In absence of rail link between Somnath and Dwarka, the only mode of transport is by road. It is an enjoyable drive as it passes along the sea. After about two and a half hours, the bus makes a breakfast halt. A Narvai Mata temple stands alongside the road. Not keen on trying the food at the small roadside eatery, I buy half a dozen packs of potato chips in assorted flavours at a shop. Then I stop to watch two men preparing the deep-fried fafdas (a chick pea flour snack) which everyone is feasting on with gusto, along with fried green chillies.
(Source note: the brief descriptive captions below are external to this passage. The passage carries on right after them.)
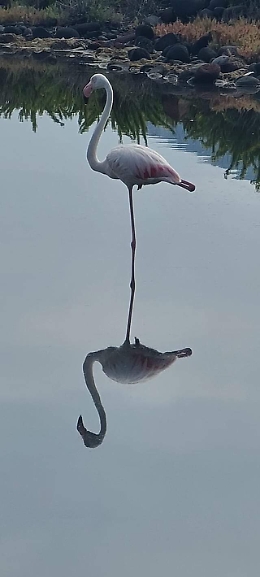Salina, isole Eolie: Fenicottero rosa nel laghetto di Lingua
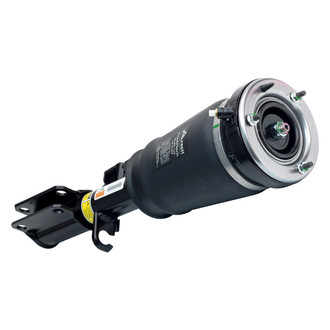 Arnott® - Front Driver Side Air Twin-Tube Non-Adjustable Strut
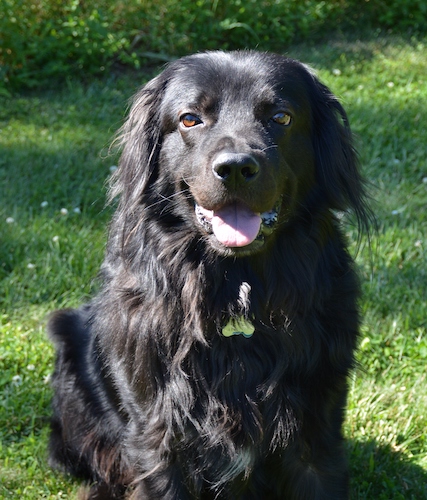 A large breed, thick coated, black dog sitting down in green grass looking happy with this pink tongue showing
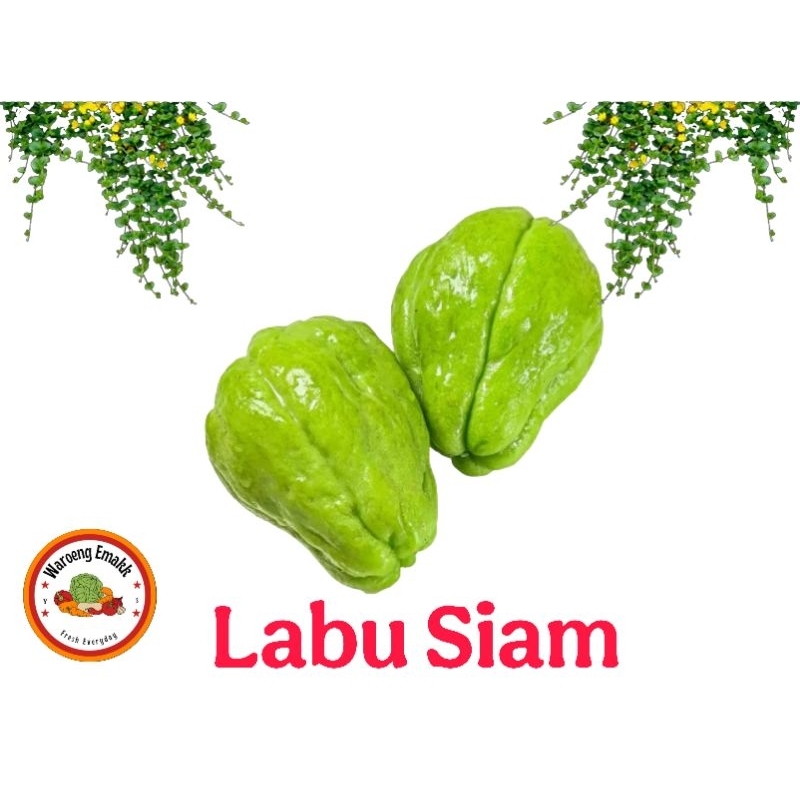 

LABU SIAM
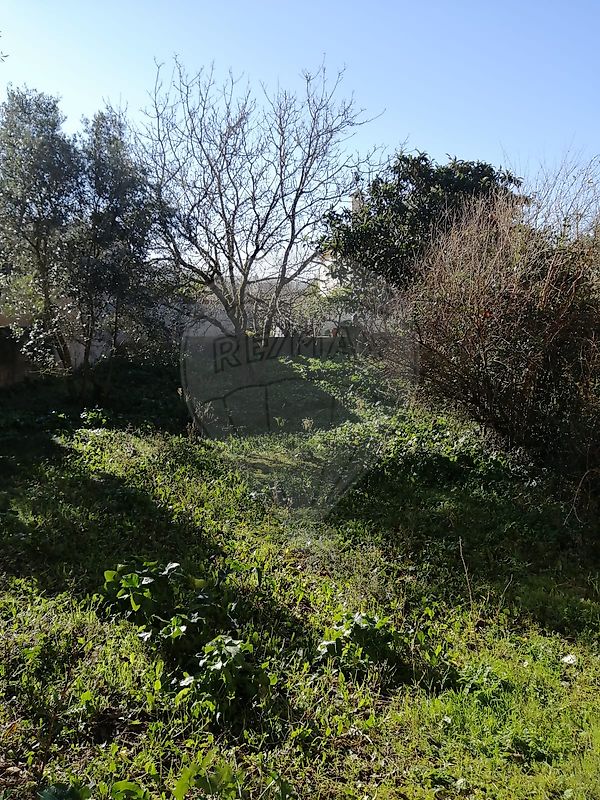 Moradia T3 à venda em Aljubarrota, Alcobaça — foto 24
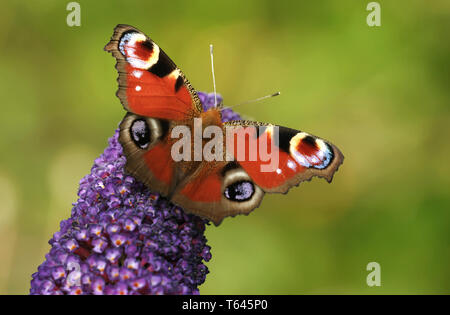 Europäische Pfau, Inachis io Stockfoto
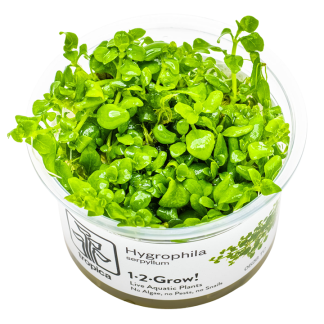 Planta in vitri 1•2• Grow Hygrophila serpyllum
After travelling around 130 kms from Somnath, we reach the city of Porbander, the birth place of Mahatma Gandhi. We pass by the Birla cement factory on the highway and get a brief tour of Porbander. Soon, the passing landscape is dotted with windmills of Suzlon Energy harvesting energy from the strong sea breeze. The man seated beside me starts taking pictures with his smartphone. Not satisfied with landscape photos, he begins to take selfies. Seeing this, the bus conductor tells him to exchange seats with one of his family members. It’s not that he was bothering me but I’m glad to see him go.
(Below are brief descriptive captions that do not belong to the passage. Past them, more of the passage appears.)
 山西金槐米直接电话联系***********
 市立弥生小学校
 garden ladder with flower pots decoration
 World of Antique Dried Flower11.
After a few kilometres, the bus makes the second temple stop at Mool Dwarka. Mool means original or root. It is said that this is the place where Lord Krishna stopped at after leaving Mathura. Fed up of sitting for hours, I quickly step out to stretch my legs. There are 2-3 old temples at the place where the bus has stopped. It is 1:00 pm and I’m very hungry. I haven’t eaten anything else but potato chips. With no other option on hand, I open the second pack of chips. The third stop is at the Harsiddhi Mata Temple.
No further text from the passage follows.